Every record below should be repeated exactly, with the pictures left out.

Records excerpted from a collection:
_ _ _
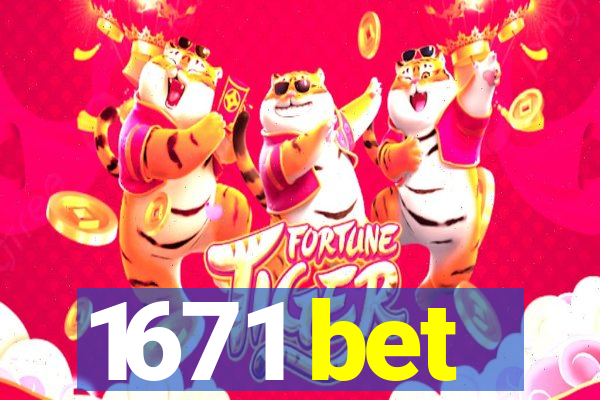 1671 bet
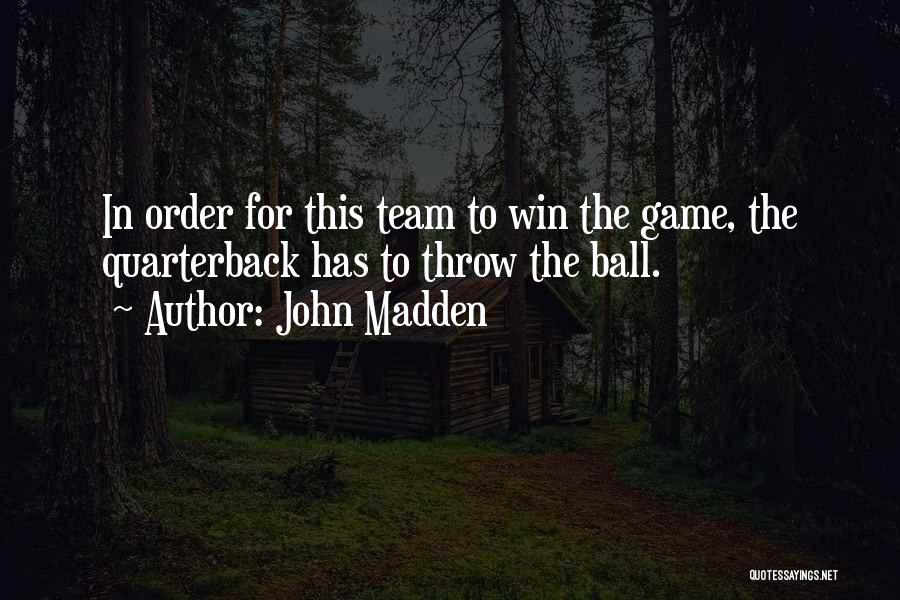 Funny Out Of Order Quotes By John Madden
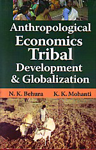 Anthropological Economics, Tribal Development & Globalisation 2nd Revised & Enlarged Edition,817888674X,9788178886749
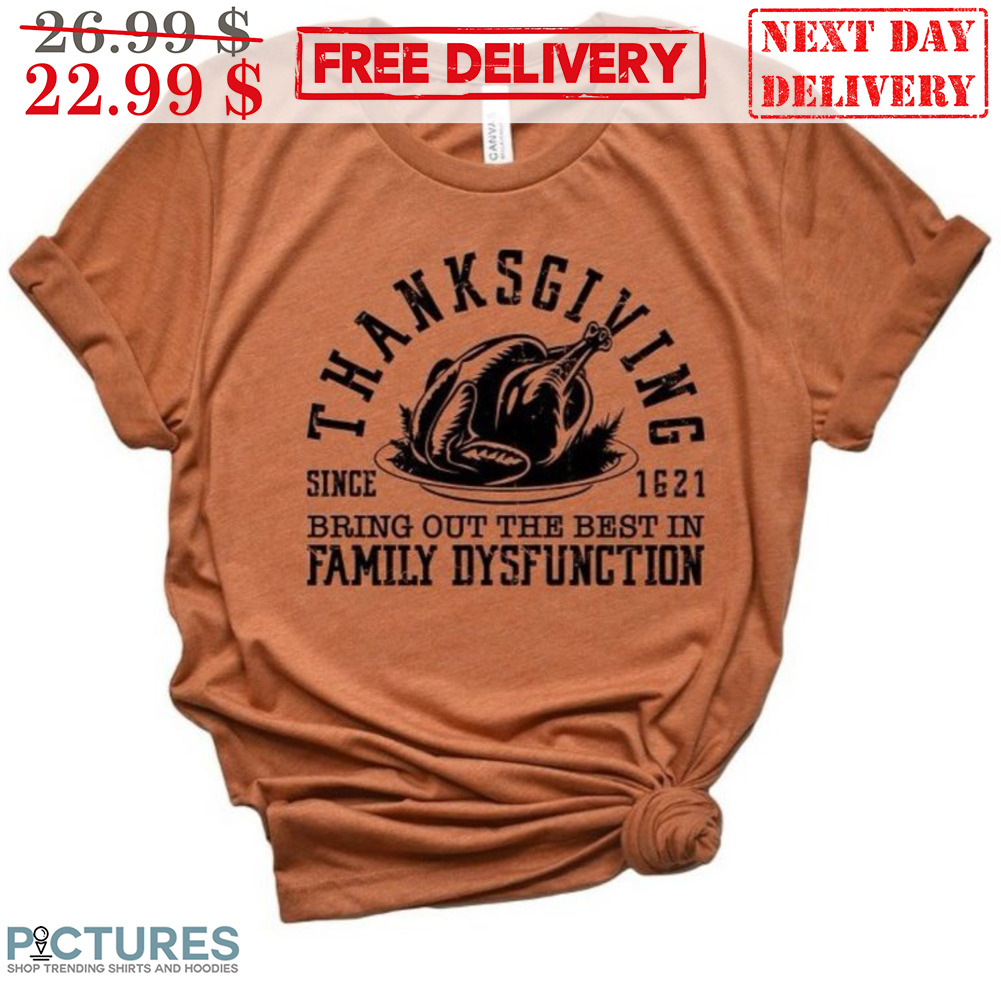 Thanksgiving Since 1621 Bring Out The Best In Family Dysfunction Shirt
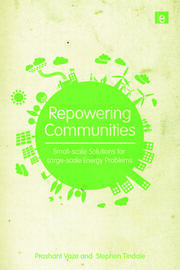 Repowering Communities: Small-Scale Solutions for Large-Scale Energy Problems book cover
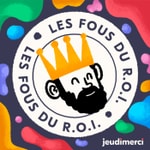 Logo of the podcast Les Fous du R.O.I Podcast Les Fous du R.O.I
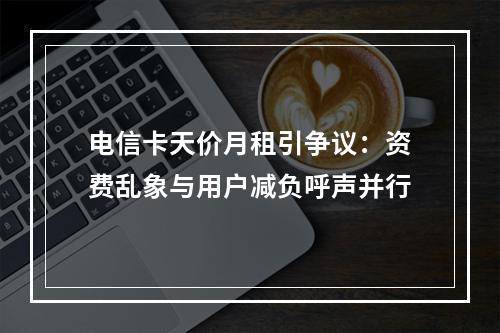 电信卡天价月租引争议：资费乱象与用户减负呼声并行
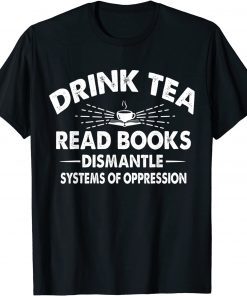 Drink Tea Read Books Dismantle Systems Of Oppression Unisex Shirt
_ _ _
Written answer:
 1671 bet
 Funny Out Of Order Quotes By John Madden
 Anthropological Economics, Tribal Development & Globalisation 2nd Revised & Enlarged Edition,817888674X,9788178886749
 Thanksgiving Since 1621 Bring Out The Best In Family Dysfunction Shirt
 Repowering Communities: Small-Scale Solutions for Large-Scale Energy Problems book cover
 Logo of the podcast Les Fous du R.O.I Podcast Les Fous du R.O.I
 电信卡天价月租引争议：资费乱象与用户减负呼声并行
 Drink Tea Read Books Dismantle Systems Of Oppression Unisex Shirt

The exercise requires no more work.